The wounds have already begun to clear up, but the psychological effects of the accident may take longer to heal. I used to think of my body as being like a suit of armour, capable of withstanding any number of knocks and bruises. But the ease with which it was sliced open has changed my perception of it. It now feels as if my bones are covered in something soft and vulnerable, no more robust than a ripe peach. As a result, I’m much more nervous about bumping into anything. I’m not merely walking on eggshells — I am an eggshell.
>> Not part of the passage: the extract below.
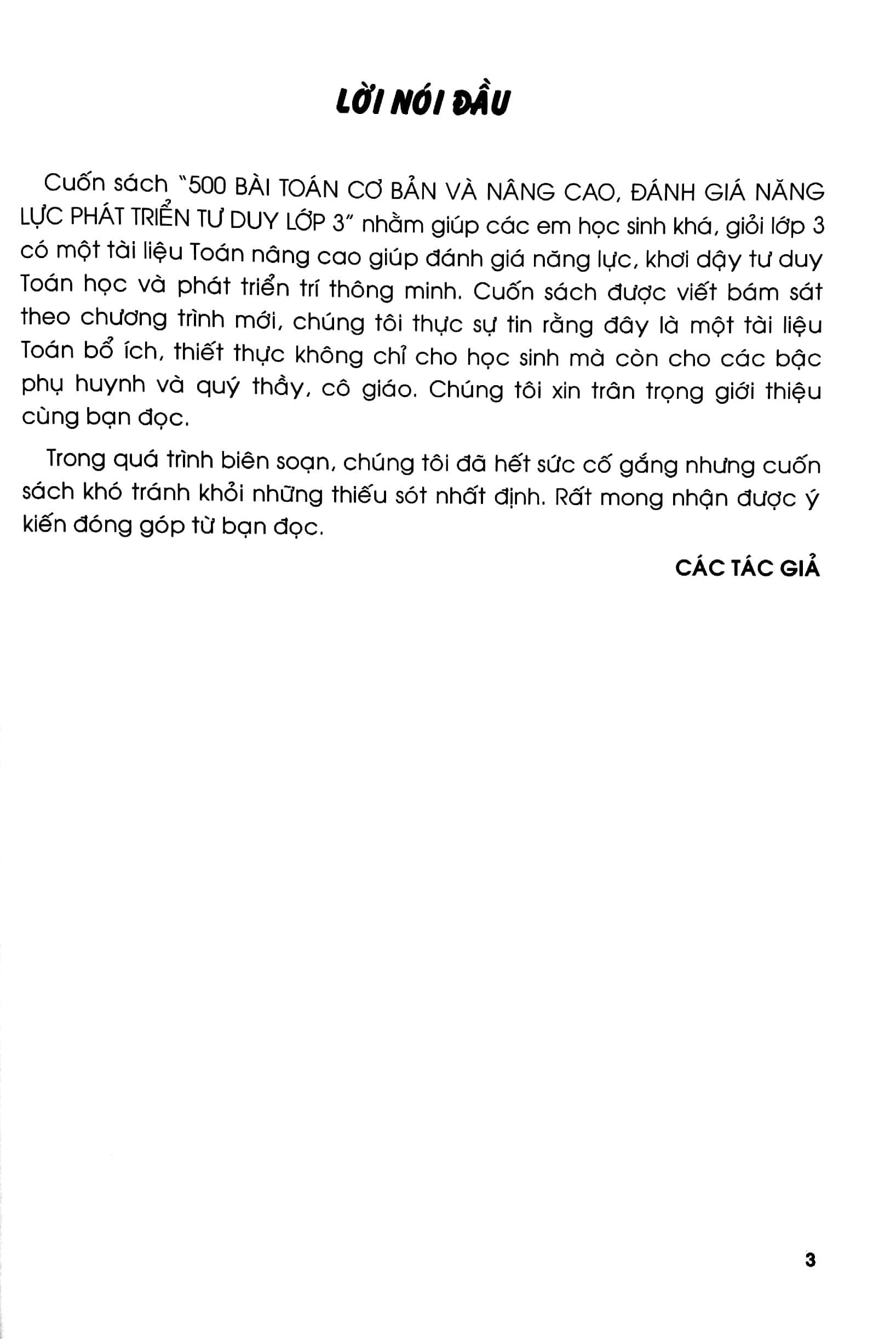 500 Bài Toán Cơ Bản Và Nâng Cao Lớp 3 (Đánh Giá Năng Lực Phát Triển Tư Duy)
Inevitably, the experience has left me with a greater sense of my own mortality. Everyone tells me how lucky I was — which on the face of it is absurd. Surely, I was unlucky in that I happened to be in the wrong place at the wrong time? But I was fortunate that the injury wasn’t more severe. If the back of my head had hit the asphalt, rather than the front, I might have been killed. In the past, I felt protected from such terrible possibilities because they were so remote. Now they feel like real threats. I tell myself that I’m no more likely to be the victim of a horrible accident than I was before I got knocked off my bike, but at a pre-rational level I’m gripped by fear. What happened to my guardian angel? Why has she deserted me? I won’t be walking under any ladders for a long time.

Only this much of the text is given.